Ross gave them a curious look. "What were you looking for here, anyway?" she inquired. "Maybe it was moved elsewhere before the fire."
"No, it was here," Ed asserted. "It was someone's personal notes."
Clearly trying to move past Ed's sullenness, Brosh put on a brighter face and told them, "Well, our orders are to escort you wherever you need to go. And seeing as I don't think you'll find anything in there, we should probably get going. Our car is just around the corner."
Lissa kept her hand at the small of Ed's back as they walked, aware that he could very easily fall into total devastation at the loss of their clue. She even sat beside Lieutenant Ross in the car, facing Ed so she could keep an eye on him—and, well, because Ed and Al together took up the whole bench in the little military car.
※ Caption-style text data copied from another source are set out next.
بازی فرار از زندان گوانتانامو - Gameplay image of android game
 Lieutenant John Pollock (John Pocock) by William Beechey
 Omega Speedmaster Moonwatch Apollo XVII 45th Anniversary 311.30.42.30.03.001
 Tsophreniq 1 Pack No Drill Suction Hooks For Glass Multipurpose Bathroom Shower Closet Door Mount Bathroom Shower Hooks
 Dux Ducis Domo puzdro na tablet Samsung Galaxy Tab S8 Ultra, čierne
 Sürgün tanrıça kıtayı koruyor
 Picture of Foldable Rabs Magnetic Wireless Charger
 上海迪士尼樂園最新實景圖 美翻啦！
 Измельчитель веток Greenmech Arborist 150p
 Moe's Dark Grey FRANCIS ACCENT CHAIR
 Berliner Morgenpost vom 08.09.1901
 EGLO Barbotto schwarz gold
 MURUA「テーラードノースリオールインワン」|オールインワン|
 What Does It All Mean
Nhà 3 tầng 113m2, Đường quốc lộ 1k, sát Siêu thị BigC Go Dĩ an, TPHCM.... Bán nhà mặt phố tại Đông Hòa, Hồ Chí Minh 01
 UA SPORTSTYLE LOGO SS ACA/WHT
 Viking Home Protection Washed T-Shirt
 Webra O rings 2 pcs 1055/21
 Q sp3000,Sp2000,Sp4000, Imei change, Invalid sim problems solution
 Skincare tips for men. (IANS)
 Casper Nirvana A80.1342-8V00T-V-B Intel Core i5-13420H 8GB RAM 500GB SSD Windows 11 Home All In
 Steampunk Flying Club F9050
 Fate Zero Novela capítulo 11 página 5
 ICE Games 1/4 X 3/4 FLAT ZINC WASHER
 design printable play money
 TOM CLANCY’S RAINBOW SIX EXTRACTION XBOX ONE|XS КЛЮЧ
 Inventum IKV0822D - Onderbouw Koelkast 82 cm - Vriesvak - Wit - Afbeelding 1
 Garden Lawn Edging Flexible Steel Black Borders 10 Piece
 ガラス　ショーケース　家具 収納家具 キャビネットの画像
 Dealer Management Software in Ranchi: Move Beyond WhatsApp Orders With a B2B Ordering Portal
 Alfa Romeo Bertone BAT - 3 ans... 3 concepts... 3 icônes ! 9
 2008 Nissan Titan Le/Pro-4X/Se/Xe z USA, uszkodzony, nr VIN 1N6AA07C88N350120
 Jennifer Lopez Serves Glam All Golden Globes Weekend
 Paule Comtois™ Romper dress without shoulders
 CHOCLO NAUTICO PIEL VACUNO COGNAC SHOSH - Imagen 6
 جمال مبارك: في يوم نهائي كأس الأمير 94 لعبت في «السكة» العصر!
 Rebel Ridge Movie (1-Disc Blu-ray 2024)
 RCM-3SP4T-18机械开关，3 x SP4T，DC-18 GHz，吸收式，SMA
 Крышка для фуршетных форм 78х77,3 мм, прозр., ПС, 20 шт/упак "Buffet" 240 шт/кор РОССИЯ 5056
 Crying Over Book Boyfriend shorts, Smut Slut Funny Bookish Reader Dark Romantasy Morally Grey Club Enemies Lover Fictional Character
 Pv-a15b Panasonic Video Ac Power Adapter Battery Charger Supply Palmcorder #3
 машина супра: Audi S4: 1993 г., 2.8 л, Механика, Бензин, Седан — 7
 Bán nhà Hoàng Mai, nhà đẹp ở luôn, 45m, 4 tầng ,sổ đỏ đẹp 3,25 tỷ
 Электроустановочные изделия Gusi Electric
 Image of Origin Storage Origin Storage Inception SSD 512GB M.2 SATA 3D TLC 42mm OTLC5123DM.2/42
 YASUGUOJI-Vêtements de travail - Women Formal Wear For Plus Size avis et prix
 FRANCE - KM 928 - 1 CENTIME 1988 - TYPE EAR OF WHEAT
She didn't really have a choice.
"All might not be lost," Ross told them encouragingly, as they drove away. "There's a woman who was well-acquainted with the materials in the first branch." She glanced sideways at Brosh for a moment. "Unfortunately…she wasn't working there anymore."
Ed crossed his arms and scowled out the window. "That sounds incredibly helpful," he muttered bitterly.
Brosh just kept staring at Al, his jaw tight, like he was trying to figure something out.
"Um… Is something wrong?" Al asked him worriedly.
The Sergeant's eyes widened. "Oh, it's nothing," he dismissed quickly. "Although…if you don't mind me asking… Why are you wearing a suit of armor?"
Lissa shared a panicked look with the boys. That wasn't good…
"It's a hobby!" the boys chorused like they'd rehearsed it.
Are you kidding me?! A hobby?! Lissa glared at them while Ross and Brosh exchanged completely baffled, freaked-out looks. A hobby. Well, now their new bodyguards thought they were total freaks. She was really going to have to work on their lying skills, honestly, that was just a pathetic attempt.
Ignoring the boys' attempts to change the subject, Lissa turned to Ross and asked, "Do you think we could still talk to this woman? She's the only lead we've got so far."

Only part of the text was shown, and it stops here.